Why everyone hates Matt Damon right now, and what it says about us …

TORONTO, ON - SEPTEMBER 11: Actor Matt Damon attends 'The Martian' premiere during the 2015 Toronto International Film Festival at Roy Thomson Hall on September 11, 2015 in Toronto, Canada.  (Photo by Kevin Winter/Getty Images)
TORONTO, ON - SEPTEMBER 11: Actor Matt Damon attends 'The Martian' premiere during the 2015 Toronto International Film Festival at Roy Thomson Hall on September 11, 2015 in Toronto, Canada. (Photo by Kevin Winter/Getty Images)
Kevin Winter/Getty Images
Alex Abad-Santos is a senior correspondent who explains what society obsesses over, from Marvel and movies to fitness and skin care. He came to Vox in 2014. Prior to that, he worked at the Atlantic.

Like a sequel to Monuments Men, Matt Damon's advice these past couple of weeks has been something no one has asked for. The actor has become the patron saint of straight, white mansplaining thanks to a mystifying segment on his show Project Greenlight and a promotional tour for The Martian where he clumsily talked himself into casual homophobia.

"Whether you’re straight or gay, people shouldn’t know anything about your sexuality because that’s one of the mysteries that you should be able to play," he told the Guardian. "I think you’re a better actor the less people know about you period."

Those words sparked a furor. Matt Damon was telling gay actors to stay in the closet, internet commenters decided. "Shut Up Matt Damon," the Daily Beast commanded; "Matt Damon has more Damonsplaining to do," the Washington Post mused; "Matt Damon Needs to Listen to Critics Instead of Shutting Them Down," Mic advised.

But Damon insisted his remarks were taken out of context.

"I was just trying to say actors are more effective when they're a mystery. Right?" Damon told Ellen DeGeneres on her talk show. "And somebody picked it up and said I said gay actors should get back in the closet. Which is like — I mean, it's stupid, but it is painful when things get said that you don't believe."

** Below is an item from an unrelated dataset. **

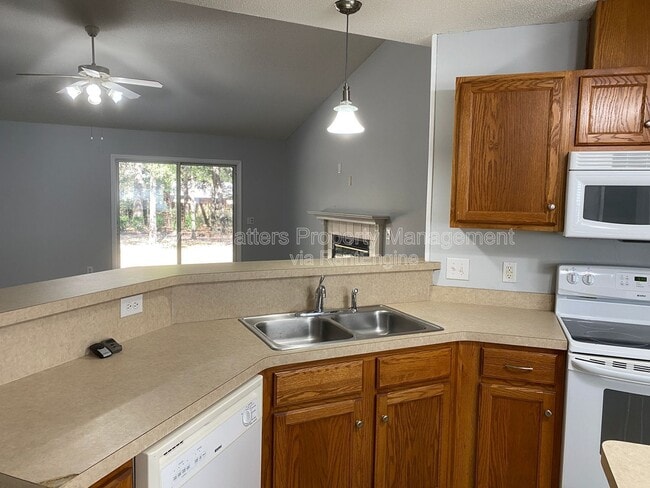 Building Photo - 5939 Ashton Woods Cir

Damon's defense — "Someone twisted my words to hurt me" —was the perfect non-apology, the mark of someone who genuinely believes he didn't say anything wrong. It also reinforced the worst things people had already thought of him.

What Matt Damon said about gay actors

Matt Damon is all over the place because of his upcoming movie The Martian. It's based on a best-selling novel, it's getting great reviews, and it's out in theaters Friday. What's a little more difficult to explain is how we got to the point where Damon — who is neither gay nor playing a gay character in a movie — is talking about career opportunities for LGBTQ actors.

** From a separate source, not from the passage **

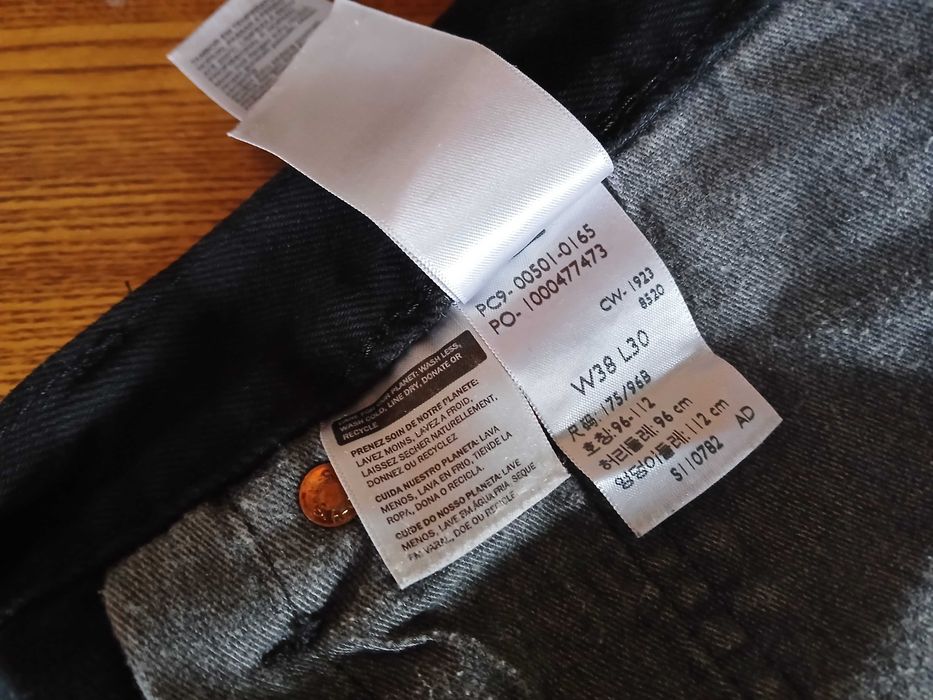 Levis 501 czarne 38/30 pas:2x50-52cm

The segue from The Martian to LGBTQ acting roles in Hollywood in that Guardian piece hinges on Damon's portrayal of Scott Thorson in the HBO film Behind the Candelabra. The Guardian asked whether it was harder for actors to be openly gay in Hollywood, and Damon responded by explaining that he and Ben Affleck were, according to Damon, thought to be a couple in some circles.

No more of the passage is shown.